• _AIM OF THE TASK_
Among the lines of the entries below, count those containing the word "Photo" and answer with the number only.

========================================================================

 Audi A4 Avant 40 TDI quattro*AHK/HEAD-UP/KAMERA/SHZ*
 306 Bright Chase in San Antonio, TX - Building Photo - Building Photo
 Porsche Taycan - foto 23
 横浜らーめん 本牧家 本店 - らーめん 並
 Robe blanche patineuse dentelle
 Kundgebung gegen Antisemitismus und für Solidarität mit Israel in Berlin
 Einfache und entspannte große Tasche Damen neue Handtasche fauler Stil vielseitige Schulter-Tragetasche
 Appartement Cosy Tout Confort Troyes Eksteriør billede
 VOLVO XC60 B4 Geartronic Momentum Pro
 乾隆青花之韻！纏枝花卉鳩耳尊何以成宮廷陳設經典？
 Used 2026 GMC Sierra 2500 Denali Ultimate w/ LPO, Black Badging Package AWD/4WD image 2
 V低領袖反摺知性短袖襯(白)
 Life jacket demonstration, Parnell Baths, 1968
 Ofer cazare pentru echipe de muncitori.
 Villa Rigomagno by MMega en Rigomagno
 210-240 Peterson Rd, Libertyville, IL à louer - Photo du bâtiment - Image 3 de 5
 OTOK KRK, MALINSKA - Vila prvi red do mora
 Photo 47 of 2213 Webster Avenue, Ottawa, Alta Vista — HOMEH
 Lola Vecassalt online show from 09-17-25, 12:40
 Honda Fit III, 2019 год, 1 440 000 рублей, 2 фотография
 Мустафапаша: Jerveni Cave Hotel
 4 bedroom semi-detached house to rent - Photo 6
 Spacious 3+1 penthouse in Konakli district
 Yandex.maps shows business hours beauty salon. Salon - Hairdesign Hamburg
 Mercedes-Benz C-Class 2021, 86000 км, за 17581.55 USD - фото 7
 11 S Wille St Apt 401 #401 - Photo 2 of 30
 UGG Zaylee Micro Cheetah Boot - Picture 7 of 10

========================================================================

• _EXERCISE RESULT_
5